The on-disk format
This chapter is a readable summary — enough to understand what the files are, reason about recovery, and write an external reader. The normative byte-level layout is §5 of the design spec, which wins on any disagreement.
Directory layout
<wal_dir>/
├── 00000000000000000001.wal # segment whose first record has LSN 1
├── 00000000000000100001.wal # base_lsn = 100001
├── 00000000000000200001.wal # active segment (highest base_lsn)
└── LOCK # advisory exclusive-writer lock file
- Each segment file is named
{base_lsn:020}.wal— its first record’s LSN, zero-padded to 20 digits (the width ofu64::MAX), so lexicographic and numeric order agree. - There is no manifest or
CURRENTfile. The log’s state is derived entirely by listing the directory, sorting by base LSN, and scanning. A manifest would be one more thing that could disagree with reality. - The active segment is the one with the highest base LSN; every other segment is sealed and immutable until a checkpoint deletes it whole.

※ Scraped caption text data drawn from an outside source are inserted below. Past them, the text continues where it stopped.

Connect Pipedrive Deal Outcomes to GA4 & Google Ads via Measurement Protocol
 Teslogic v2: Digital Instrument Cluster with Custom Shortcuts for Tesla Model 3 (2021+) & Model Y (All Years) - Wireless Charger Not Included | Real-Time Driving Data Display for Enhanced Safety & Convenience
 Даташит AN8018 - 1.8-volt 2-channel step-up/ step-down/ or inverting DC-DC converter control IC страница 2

- Segments are pre-allocated to
segment_sizeat creation, so the unwritten remainder reads as zeros. During a scan, an all-zero record header is the end-of-records sentinel.
Segments
Every segment starts with a fixed 64-byte header: a magic string
(WAL\0SEG1), a format version, the segment’s base_lsn, a creation
timestamp (informational only — recovery never uses it), and a CRC over the
header. The header is written and synced when the segment is created, before
any record — so a corrupt header is never a torn write, and recovery treats it
as fatal (with one carve-out for a crash mid-creation; see
Recovery).
Records follow the header back-to-back, 8-byte aligned.
Records
Each record is framed as:
| Field | Size | Notes |
|---|---|---|
crc | 4 | CRC-32C over everything after this field, including padding |
length | 4 | payload length in bytes |
lsn | 8 | the record’s LSN |
rec_type | 1 | 1 = full record; other values reserved |
| flags/reserved | 3 | must be zero |
| payload | length | your opaque bytes |
| padding | 0–7 | zeros to the next 8-byte boundary |
Details that carry weight:
- The checksum is CRC-32C (Castagnoli) — hardware-accelerated on modern
CPUs, and the same polynomial ext4, RocksDB, and iSCSI use. The crate
re-exports the primitive as
open_wal::crc32cso an external reader can match it exactly. (Beware: the popularcrc32fastcrate implements a different polynomial and will reject every record.) - Padding is inside CRC coverage, so tampered or corrupted padding is detected — there is nowhere to hide bytes in a record.
- A record never spans segments. This is why
max_record_size + 91 <= segment_sizeis enforced atopen(64-byte segment header + 20-byte record header + up to 7 bytes padding), and it is what makes each segment independently parseable. - The end-of-records sentinel is an all-zero 20-byte header — not merely
rec_type == 0. A header with a zerorec_typebut nonzero CRC is a corrupt record, not the end of the log; the distinction is what lets recovery tell a clean end from a single flipped byte in the middle of acknowledged data.
What a scan looks like
Reading a segment is: skip the 64-byte header, then repeatedly — check for the
sentinel, bounds-check length, verify the CRC, verify the LSN is the
expected next one, yield the payload, advance by the padded record size. The
in-crate Reader, recovery, and any external tailer all follow this same
logic; Recovery adds the tail-classification rules on top.
That’s the whole format: sorted filenames, a checksummed header, checksummed LSN-stamped records, zeros at the end. Boring on purpose.